---- Data under study
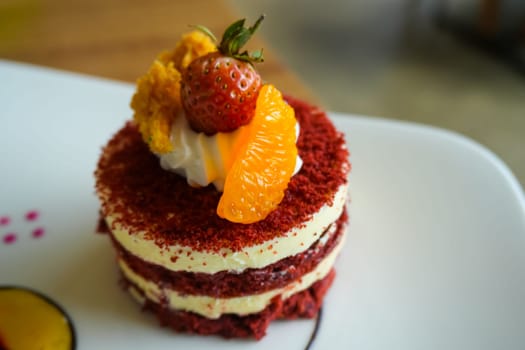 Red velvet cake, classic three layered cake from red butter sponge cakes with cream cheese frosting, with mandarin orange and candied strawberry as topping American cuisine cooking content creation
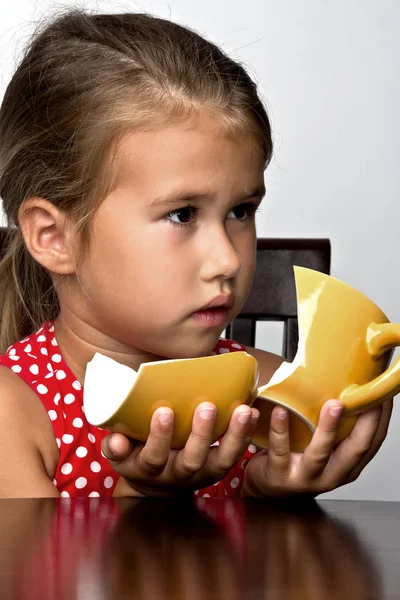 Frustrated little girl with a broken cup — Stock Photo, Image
--------
---- Data under study
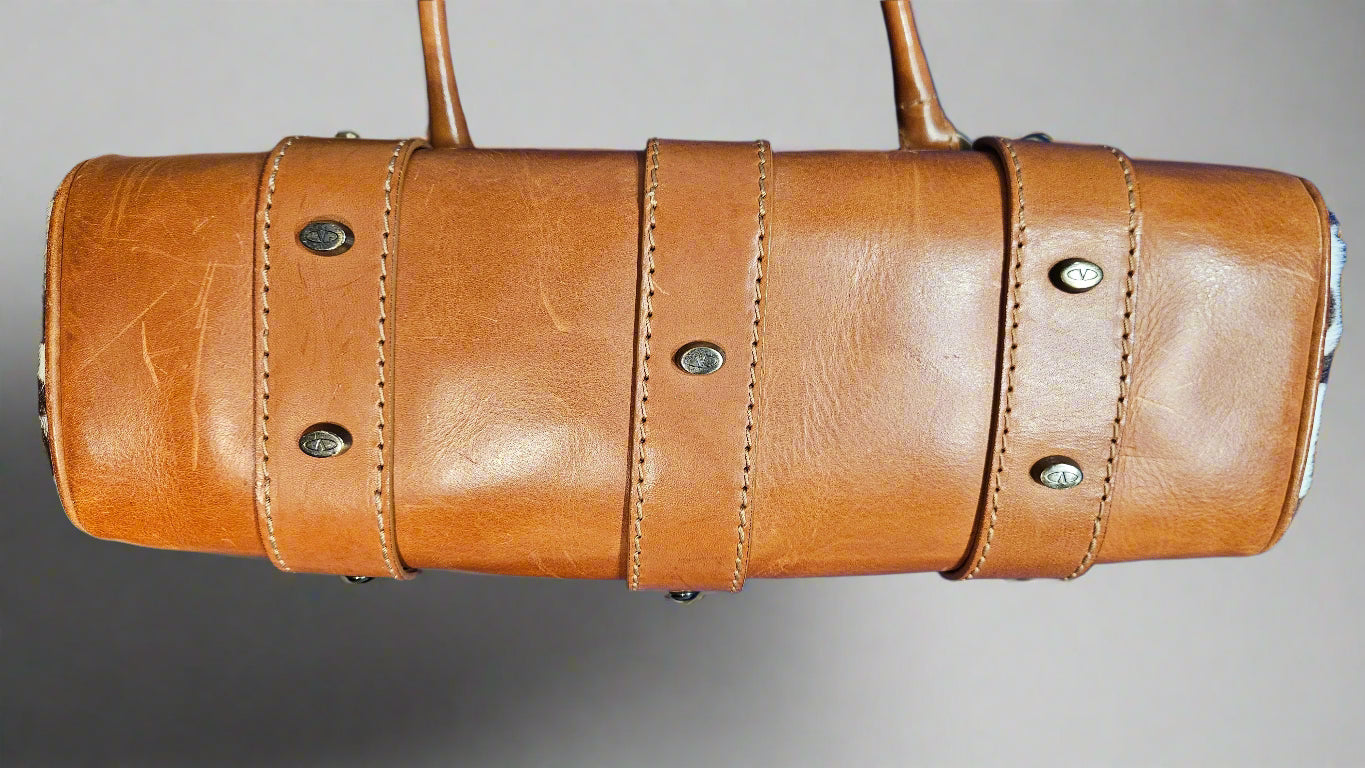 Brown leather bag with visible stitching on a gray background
--------
---- Data under study
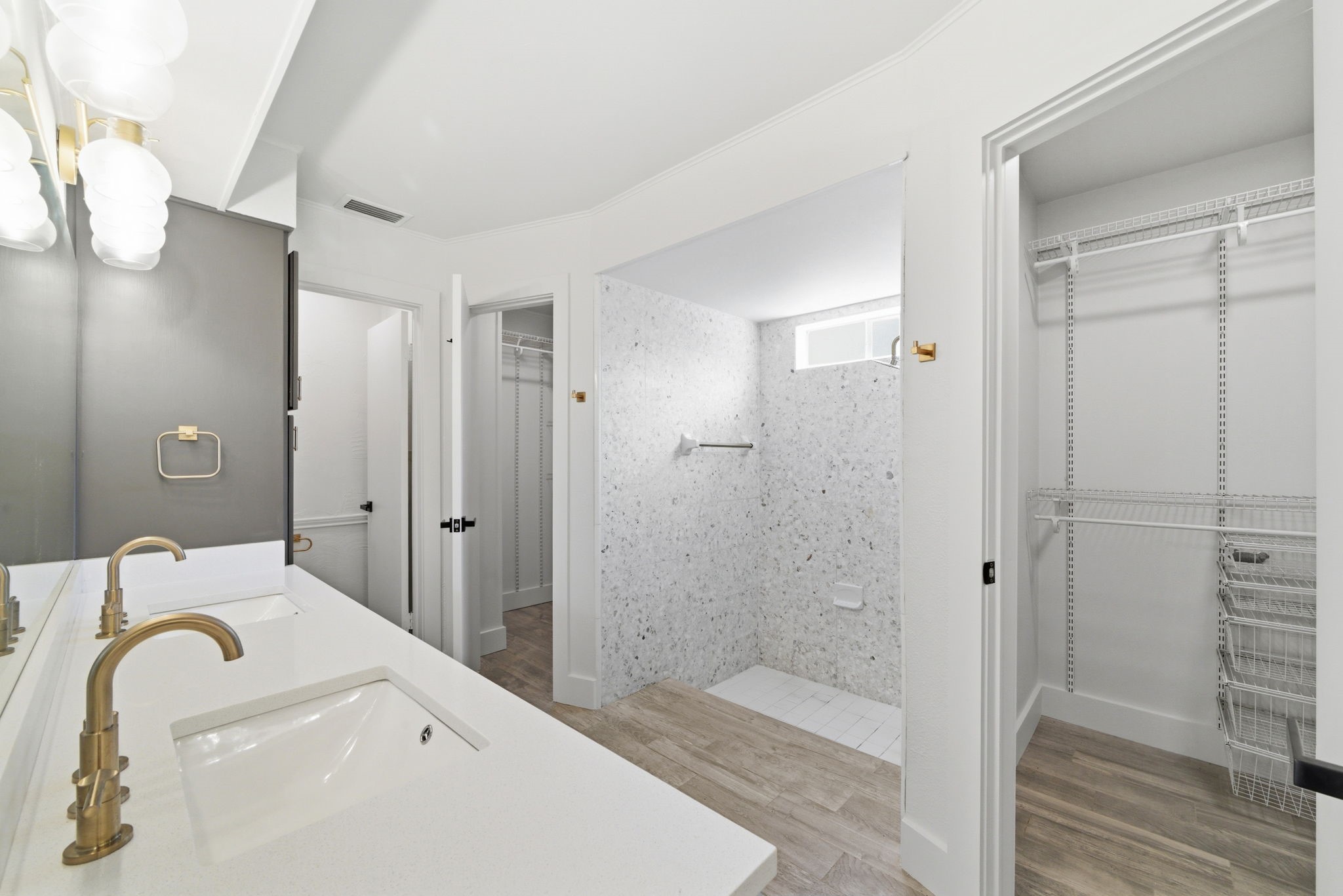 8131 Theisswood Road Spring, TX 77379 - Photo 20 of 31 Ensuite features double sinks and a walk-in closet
--------
What this task involves: Write out again exactly the lines above from the one with "Red velvet cake, classic" through the one with "Frustrated little girl", adding no other lines and no pictures.

Solution:
 Red velvet cake, classic three layered cake from red butter sponge cakes with cream cheese frosting, with mandarin orange and candied strawberry as topping American cuisine cooking content creation
 Frustrated little girl with a broken cup — Stock Photo, Image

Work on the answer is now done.